__YOUR INSTRUCTIONS__
Please give every record below again exactly, and keep the pictures out.

++++ SUPPLIED RECORDS ++++

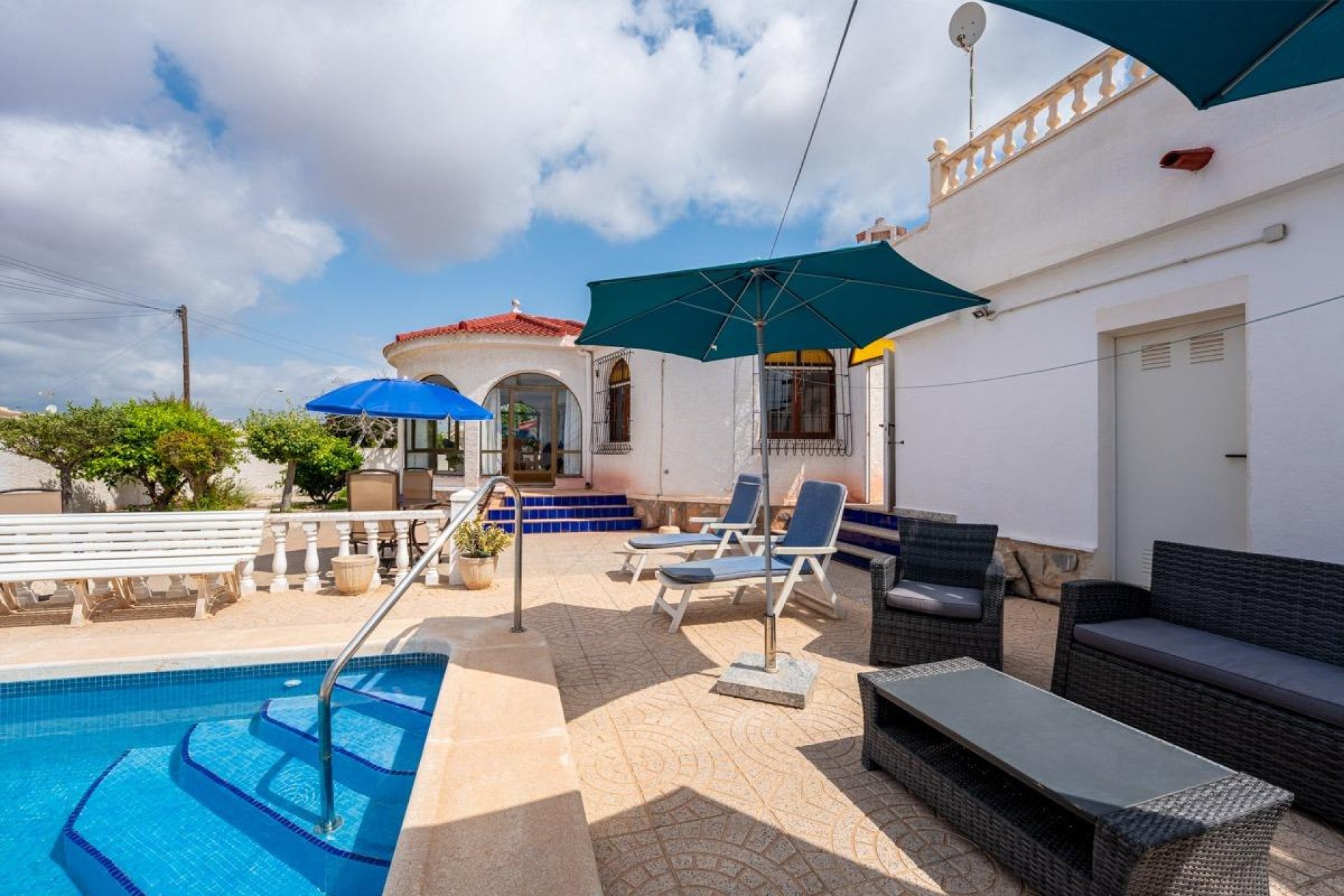 Reventa - Villa - Torrevieja - La Siesta - El Salado - Torreta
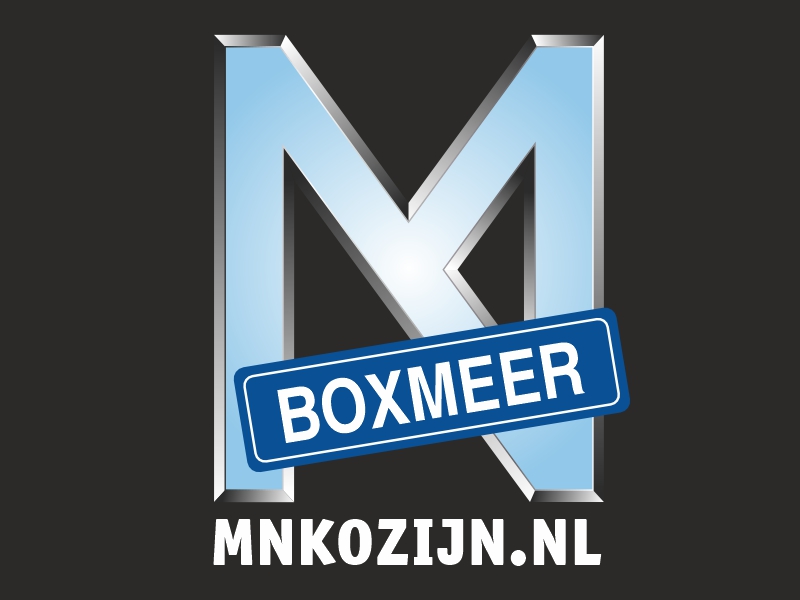 Mn kozijn zwart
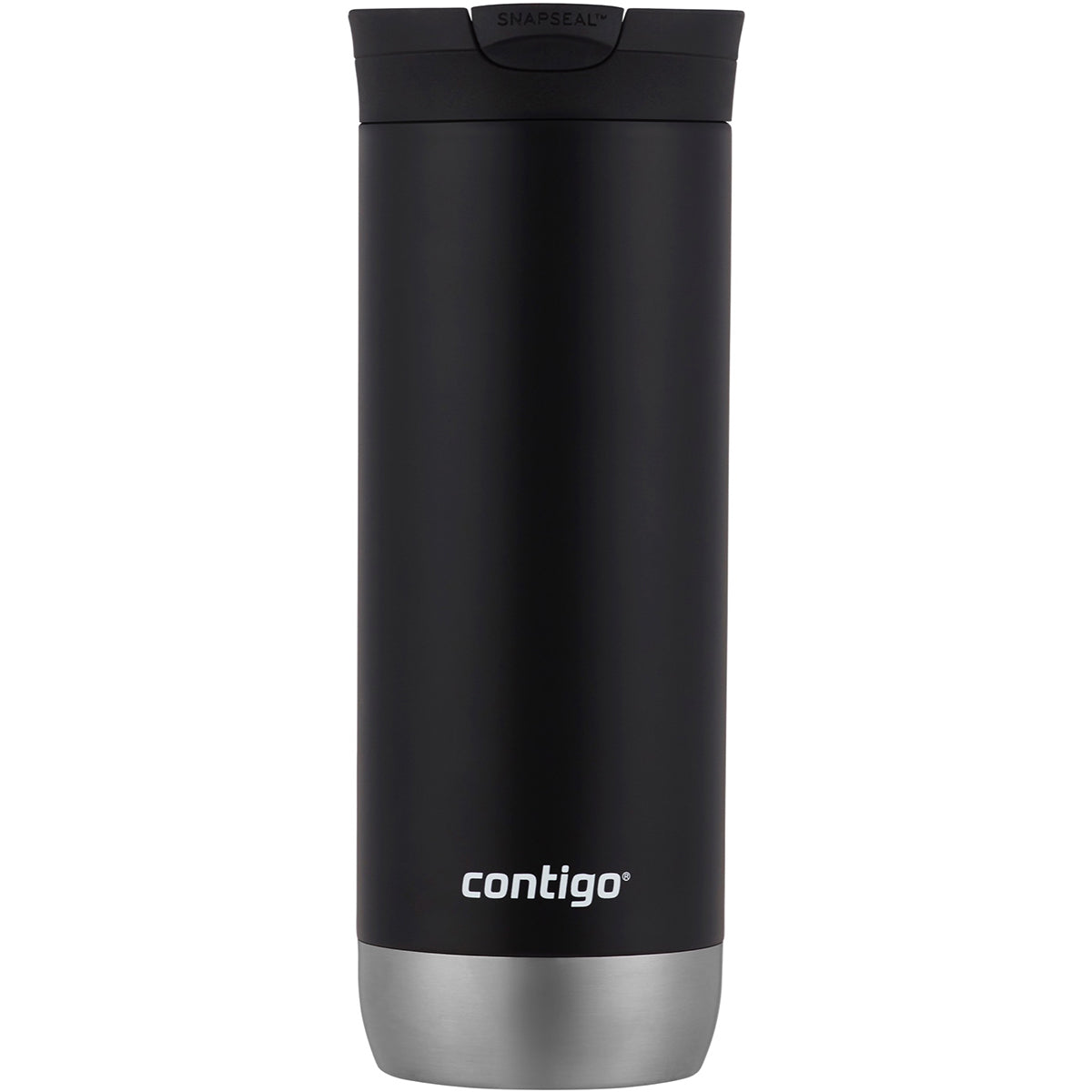 Contigo Huron 2.0 SnapSeal Insulated Stainless Steel Travel Mug Contigo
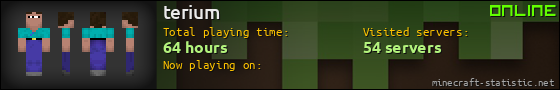 terium userbar 560x90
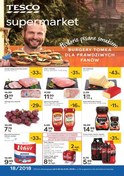 Gazetka promocyjna Tesco Supermarket - Okazje tygodnia - ważna do 09-05-2018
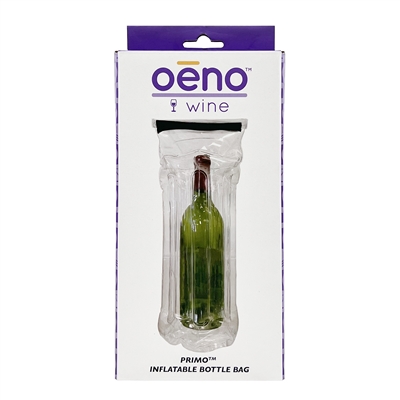 Primo Inflatable Travel Bottle Bag, Carded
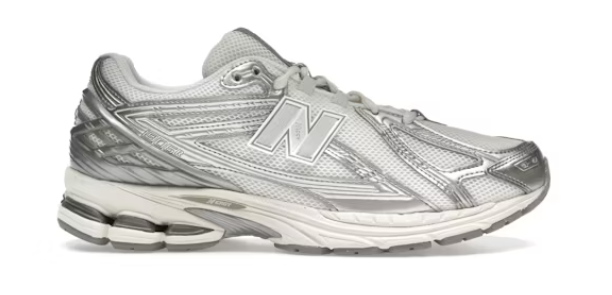 New Balance 1906 Metallic Silver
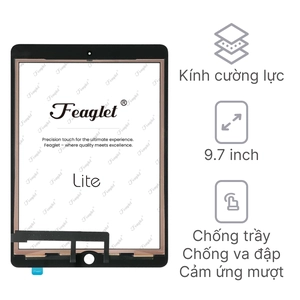 Linh kiện kính màn hình iPad Pro 9.7 inch chính hãng Feaglet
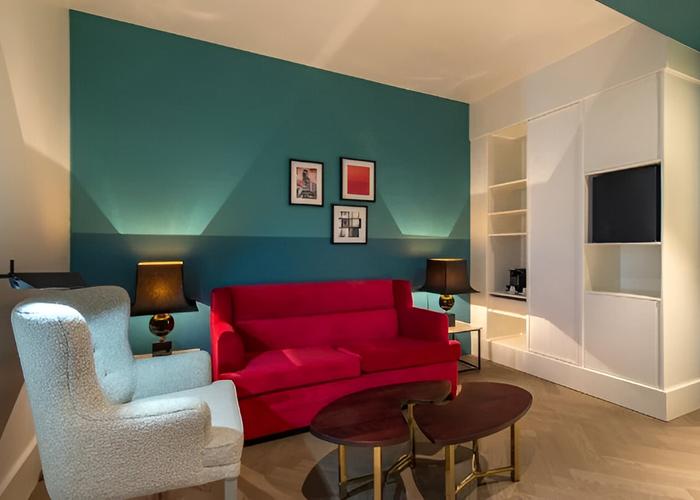 Peppermint Suite Vincci The Mint 4* Madrid Peppermint Suite Vincci The Mint 4* Madrid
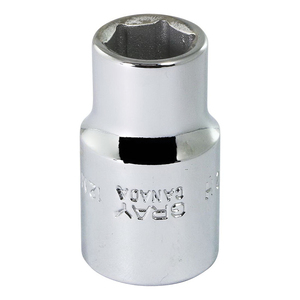 GRY-M1212H GRAY #M1212H SOCKET 12MM, 1/2" DR.
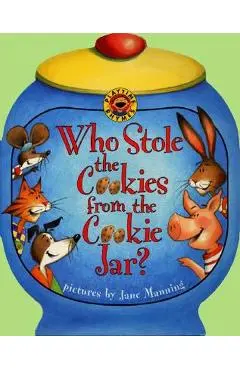 Who Stole the Cookies from the Cookie Jar? - Public Domain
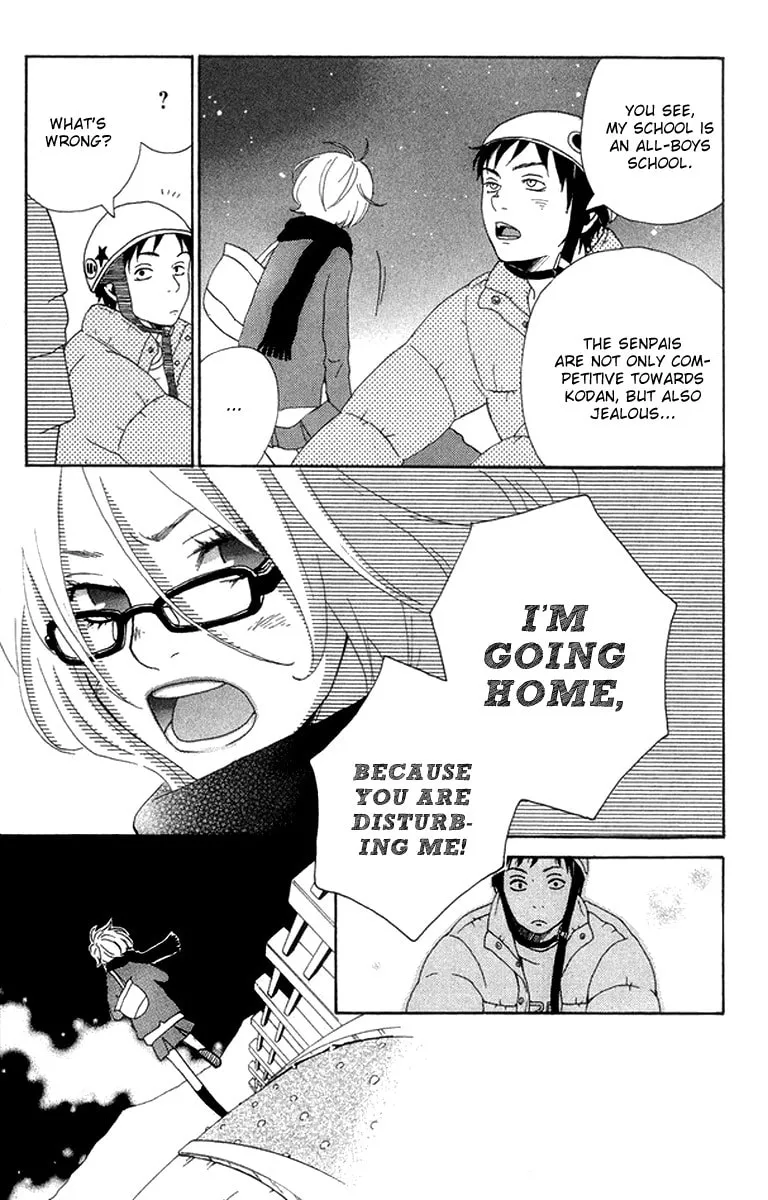 Read Secret love chapter 3 image 6 on Lezhin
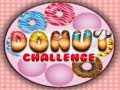 Spil Donut Challenge 
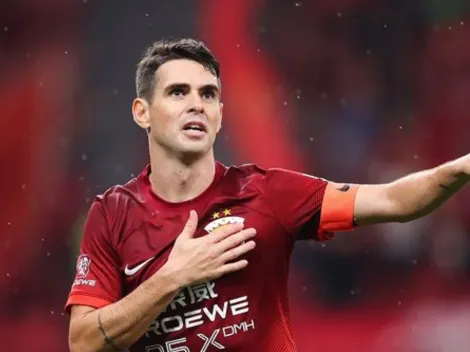 Na mira do Inter, Oscar não deve retornar ao Brasil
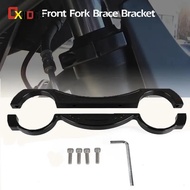For Suzuki DL650  2004-2023 2010 2011 2012 2013 2014 Motorcycle Accessories Front Fork Brace Bracket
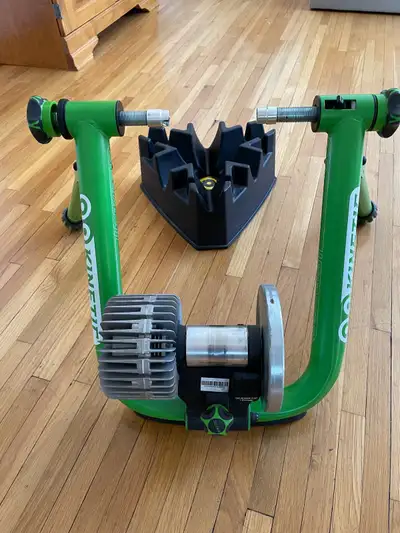Kinetic Bike Trainer for Sale. Must be able to pick up from my address. Please message me for any qu...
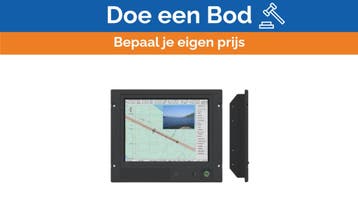 Bieden: Hatteland Alphatron AlphaScreen 15 inch - JH15T17 A, Ophalen of Verzenden, Nieuw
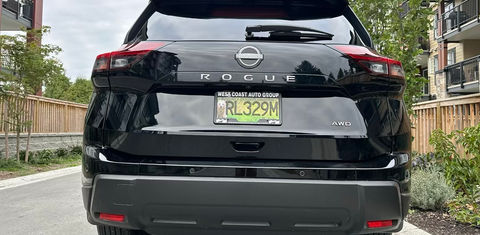 Nissan Rogue 2025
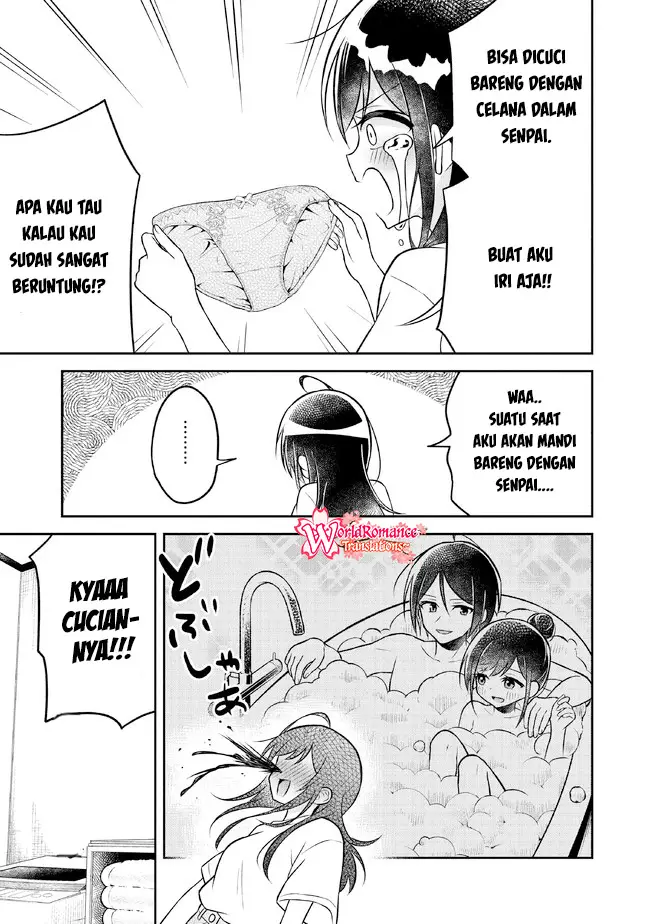 Yuujin ni 500 Yen Kashitara Shakkin no Kata ni Imouto wo Yokoshite Kita Nodakeredo, Ore wa Ittai Dou Sureba Iindarou Chapter 4 Gambar 24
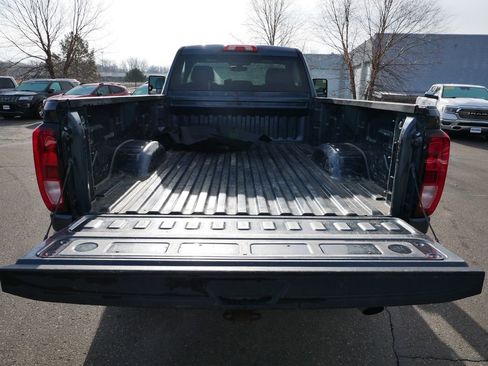 Used 2020 GMC Sierra 2500 SLE w/ SLE Convenience Package AWD/4WD image 14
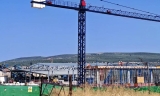 Obras del nuevo Mercadona.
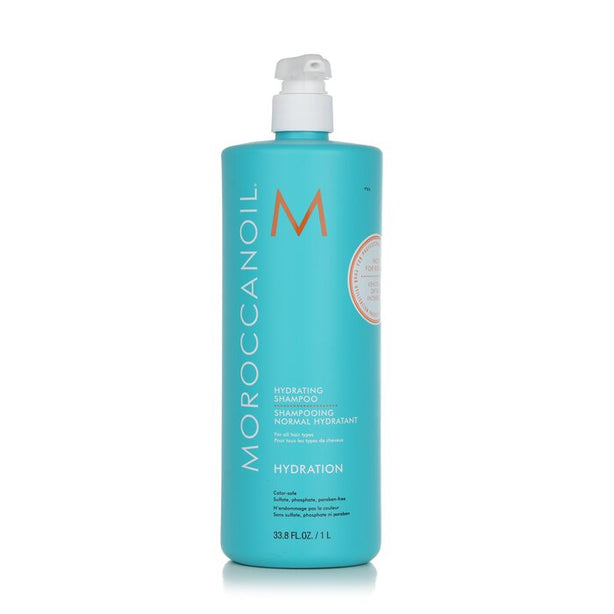 Hydrating Shampoo (for All Hair Types)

++++

__SOLVED EXERCISE__
 Reventa - Villa - Torrevieja - La Siesta - El Salado - Torreta
 Mn kozijn zwart
 Contigo Huron 2.0 SnapSeal Insulated Stainless Steel Travel Mug Contigo
 terium userbar 560x90
 Gazetka promocyjna Tesco Supermarket - Okazje tygodnia - ważna do 09-05-2018
 Primo Inflatable Travel Bottle Bag, Carded
 New Balance 1906 Metallic Silver
 Linh kiện kính màn hình iPad Pro 9.7 inch chính hãng Feaglet
 Peppermint Suite Vincci The Mint 4* Madrid Peppermint Suite Vincci The Mint 4* Madrid
 GRY-M1212H GRAY #M1212H SOCKET 12MM, 1/2" DR.
 Who Stole the Cookies from the Cookie Jar? - Public Domain
 Read Secret love chapter 3 image 6 on Lezhin
 Spil Donut Challenge 
 Na mira do Inter, Oscar não deve retornar ao Brasil
For Suzuki DL650  2004-2023 2010 2011 2012 2013 2014 Motorcycle Accessories Front Fork Brace Bracket
Kinetic Bike Trainer for Sale. Must be able to pick up from my address. Please message me for any qu...
 Bieden: Hatteland Alphatron AlphaScreen 15 inch - JH15T17 A, Ophalen of Verzenden, Nieuw
 Nissan Rogue 2025
 Yuujin ni 500 Yen Kashitara Shakkin no Kata ni Imouto wo Yokoshite Kita Nodakeredo, Ore wa Ittai Dou Sureba Iindarou Chapter 4 Gambar 24
 Used 2020 GMC Sierra 2500 SLE w/ SLE Convenience Package AWD/4WD image 14
 Obras del nuevo Mercadona.
 Hydrating Shampoo (for All Hair Types)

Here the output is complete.